Aşağı Tükürsen Sakal, Yukarı Tükürsen Bıyık
Sıkıntılı, kritik ve de zor bir yazı yazmaya başlıyorum. Bakalım sonu nereye varacak? Oldum olası meselelere kör bir gözlükle bakmamaya çalıştım, zaman zaman becerdim, beceremediğim anlar da olmadı değil.
.
Devlet Tiyatroları’nda yaşanan olayları da olabildiğince soğukkanlı izlemeye ve aktarmaya çalışıyoruz.
.
Bir an durdum ve kendimi Başbakan Sayın R. Tayyip Erdoğan’ın yerine koydum. Elli bin tane mesele, her biri birbirinden ağır ve herbiri çözüm bekliyor. Kamuoyunun bir kısmı “takkiye de takkiye” söyleminden vaz geçmiyor (Burada ne takkiye yapıldığından ne de yapılmadığından söz etmiyorum.) Mutlaka, Başbakan olarak kafasının gerisinde belli planları vardır, hepsini kamuoyuyla paylaşması gerekmez, her başbakanın olduğu gibi... ancak bu noktada mesai arkadaşlarının zamansız ve gereksiz çıkışları ve davranışlarıyla karşılaştığı zaman ne yapacaktır?
.
.
Devlet Tiyatroları’nda yaşanan son olayları tabii ki izliyordur, izleyebildiği kadarıyla... Peki ne yapabilir? Olaylar kontroldan çıktı çıkacak... Bakanı ile Müsteşarı zaman zaman birbirine ters düşüyor, Müsteşarı Bakanı’nı düzeltmek için canhıraş bir tempo ile çırpınıyor... ama eldeki veriler, gelişmeler işi gittikçe zorlaştırıyor.

Önce, “zimmet” suçundan devlet memurluğundan atılmış Eski Genel Müdür İ. Rahmi Dilligil çıkıyor sahneye, bugüne kadar bu adamın ne olduğunu, konumunu fark etmemişler, açığa çıktığı noktada Sayın Müsteşar “Görevden almalar ve atamalar Rahmi Dilligil‘in vesayetinde değildir” açıklamasını canlı yayında yapmak zorunda kalıyor. Sanki “vesayetinde” olabilirmiş gibi. Haydi şimdi Başbakan olun, ne yapacağınıza karar verin. Kolay değil tabii ki.

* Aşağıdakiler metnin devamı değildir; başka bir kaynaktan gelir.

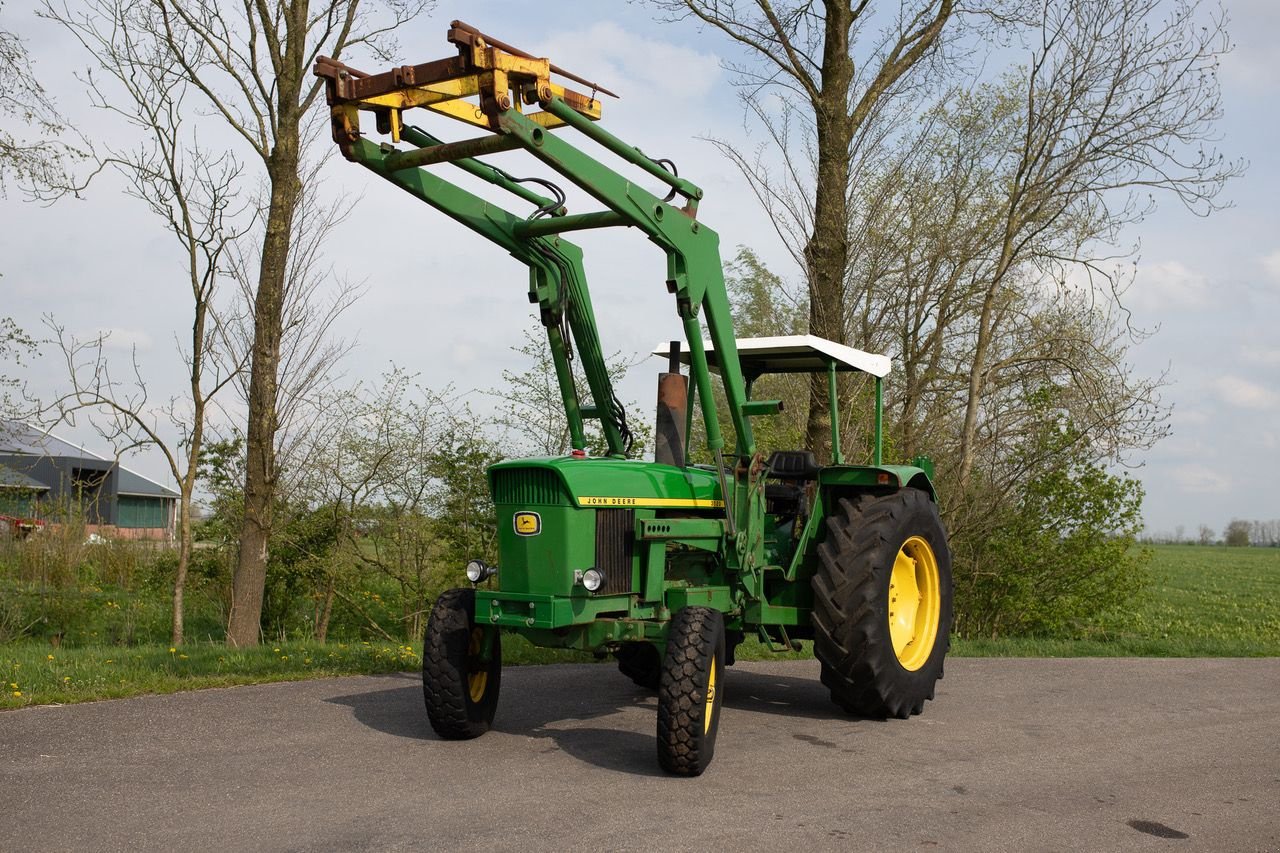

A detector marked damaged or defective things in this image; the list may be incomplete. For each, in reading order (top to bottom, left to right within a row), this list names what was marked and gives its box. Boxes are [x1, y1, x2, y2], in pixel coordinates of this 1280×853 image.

Bütün bunları 30 Mayıs ve 4 Temmuz tarihli Birgün Gazetesi’ndeki köşemde yazdım, ama Sayın Bakana ulaşamadım, gazeteciliğimden ayrılarak bir e-posta ile Sayın Bakana ulaşmaya çalıştım yine beceremedim, sonrasında AKP Milletvekili Sayın Faruk Bayrak ile görüştüm, Sayın Bakan’a yazdığım e-posta’yı istedi, gönderdim, “Şimdi Sayın Bakan’a iletiyorum.” dedi, sanırım o gün ulaşmıştım, ulaştığım anda tüm bu yaşananlar daha yaşanmaya başlamamıştı. İ. Rahmi Dilligil’i de, rolünü de öğrenmişti artık Sayın Bakan, ama kimse önemsemedi ne Sayın Bakan Koç ne de Sayın Müsteşar İsen. Ne yazdıklarımı ne de haykırışlarımı.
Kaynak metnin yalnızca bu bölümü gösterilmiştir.